I’ve been trying to think of how one would solve this problem analytically, for 2 days now and gotten almost nowhere, I would be interested hear how others would solve this below ‘toy’ problem (that is based on a real problem I have).

You have 100 people, and each of these people will do the following study twice (so clustered design):

They need to perform three trials where a person flips a a coin. The person can keep the largest monetary value coin that lands ‘heads’ out out of the three trials. If the person never gets a ‘heads’ they owe the study designer a dollar (so there is an imperative to get at least one coin). Everyone starts with a nickel (5 cent coin) which is a ‘fair’ coin with 50/50 chance of heads/tails. After that coin flip, they can decide to either flip a penny (1 cent coin) which is has an unknown higher likelihood of landing on it’s heads (let’s say somewhere between 55-80% probability of heads), a nickel again (fair coin) or flip a quarter which has an unknown lower likelihood of landing on it’s heads (say 10-30%) chance of heads or a half-dollar which has a unknown but even lower likelihood of landing on it’s heads (say 0-15%). After trial 2, the person has to make the same decision a third time. Again, it is important they get at least one coin to go heads, but they also want to keep the largest monetary coin as possible.

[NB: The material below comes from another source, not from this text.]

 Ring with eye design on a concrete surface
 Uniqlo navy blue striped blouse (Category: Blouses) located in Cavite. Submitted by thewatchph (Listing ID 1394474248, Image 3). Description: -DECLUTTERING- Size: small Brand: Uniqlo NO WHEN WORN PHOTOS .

Other than Even probability, all of the other “higher probability” a “lower probability” are unknown and have an element of chance even though they’re weighted. Let’s say I have data on these 100 participants completing these trials. How would you model what the “best” decision rules are after each flip?

I have a few ideas, none of which I love, so I’d be interested to hear others’ thoughts.

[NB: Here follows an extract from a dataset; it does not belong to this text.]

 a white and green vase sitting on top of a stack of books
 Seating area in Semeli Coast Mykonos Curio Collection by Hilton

EDIT: to be clear, this is a toy example and the real data and problem are more complex, so it won’t work to simply get a rough idea of the “weights” of the coins from empirical data and work out the problem analytically. I actually need a statistical or machine learning model for the empirical data

To clarify, it sounds like you are asking (assuming the trial participants are making optimal decisions under uncertainty) how to infer the p_{25c} and p_{50c} heads chance parameters from the 100 subjects? Or are you interested in inferring the actual decision making process of the test subjects which may or may not be optimal?

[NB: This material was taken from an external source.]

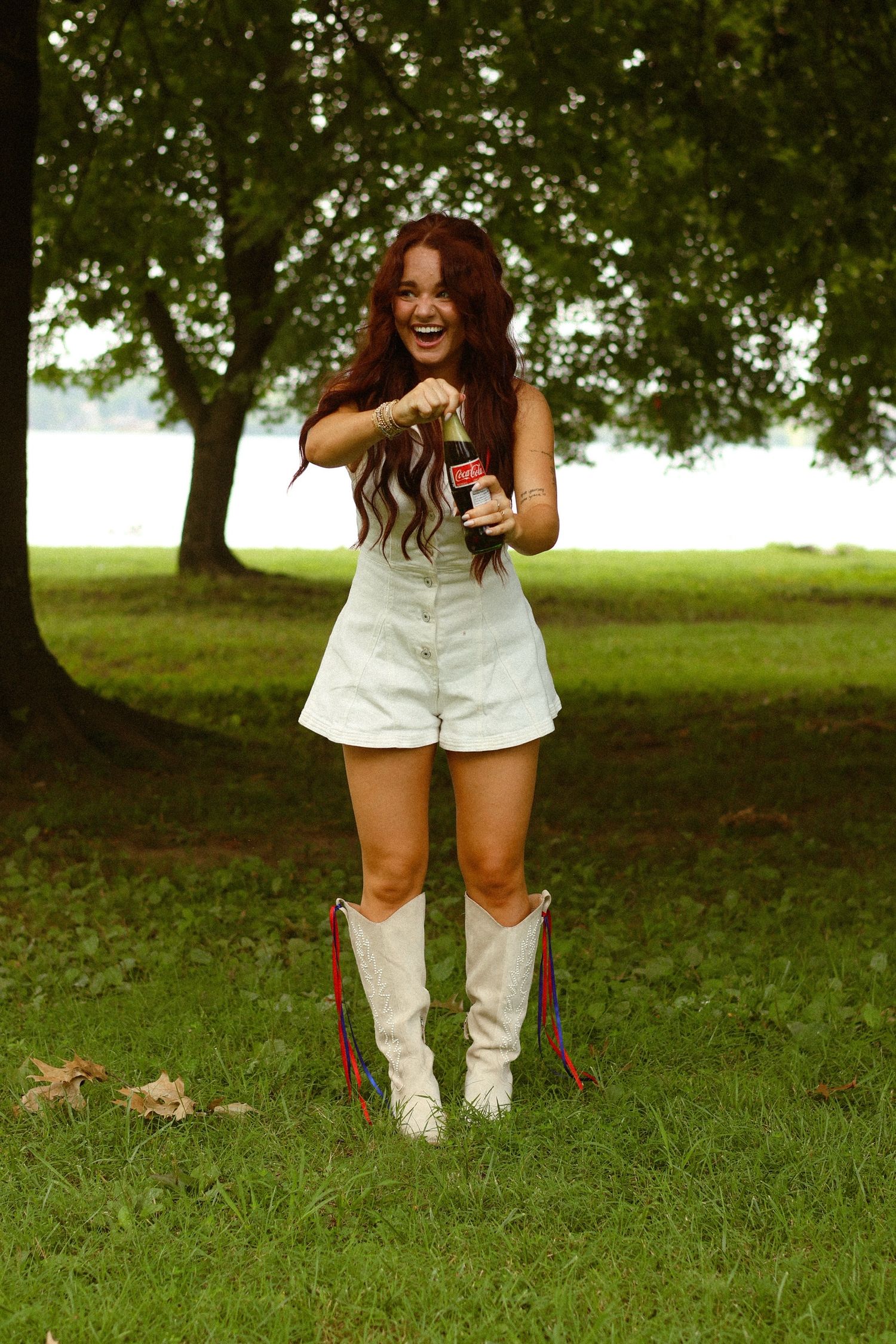 Young woman with red hair in white romper and cowboy boots opening a Coca-Cola bottle outdoors.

So that’s a good question, let’s assume the latter. In reality, the data is a bit more complicated because the ‘heads chance parameters’ for each coin are relative to the individual and also likely vary across time (a p_{25c} at ‘flip 2’ is unlikely to be the same as p_{25c} at ‘flip 3’).

I’ve had a lot of good discussions with individuals in private and the “best solution” (which I’m not all that familiar with) seems to be a reinforcement learning technique since the process could probably be effectively described as a hierarchical Markov Decision Process.

However, I am wondering if it would be “good enough” to model this as three sequential Bayesian multilevel model logistic regressions (to model heads/tails) and a final order multinomial Bayesian MLM (which predicts which coin they end up with at the end). In this way, the previous M1’s posteriors can inform the priors on M2, M2’s posteriors inform M3… on to M4. This would not directly model the time effect and consider these processes somewhat independent, though they’re providing information to the following model. I could then simulate across all models after building with the empirical data. Is there an immediate fatal flaw in this approach? I realize a couple of minor flaws and inelegance to it.